Beach - Missing the Action
Liam McGrady 09/08/2005
I'm listening to this record for the first time right now; although I've had it in my possession for a few weeks now. And I'll admit that the reason I've been putting it off is because a while back I reviewed the single 'Burning Up' for this very website. The lead single from 'Missing The Action', it's the sort of song that the cretinous, 80's throwback DJ's on local radio stations around the country absolutely relish - a mash up of disco and retro rock that could slip in nicely between “Geoff Barrow's Gardening Hour” and an exclusive interview with Synth Pop maestro Midge Ure (“Hey Mitch, what about that song Vienna? Does it really mean nothing to you eh? See what I did there Mitch?”). So as you can tell, the prospect of more of the same didn't thrill me; pity that's what I'm getting then. The whole thing sounds so bloody soulless; synthetic; spineless; second-rate; and if I could think of any other derogatory words beginning with S then I'd say it was those too. Right now then, while the MOR Pop Rock of 'Silent Goodbye' seems to be dragging it's feet, like it's never going to end, I've got a kind of anguished, disgusted look on my face; as if there was a horrible smell under my nose and I had cramp behind my knee. Let's face it; this isn't the sort of reaction any type of music should generate…
… That gap above signifies the rest of the album; absolutely bereft of, well, anything. It's bland, faceless music for dull, uninteresting people.

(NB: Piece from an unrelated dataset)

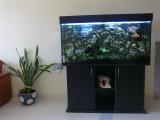 201406081097_t1.jpg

It's a record made by a man called Beach Mercer - which, although this is a cheap dig, is a crap name - who comes away with words of wisdom such as, “Paint my face and I'd act like an Indian/Give me any excuse and I'd do something simian/Time to get a hard on, life's so cruel/But it's so groovy when you're playing the fool.” One track sandwiched between a radio report on rising house prices in your area, and 10 minutes of some woman talking sensually about the new Vauxhall Astra as if it was actually in some way sexual, I could probably stomach; but a whole album full is just unbearable.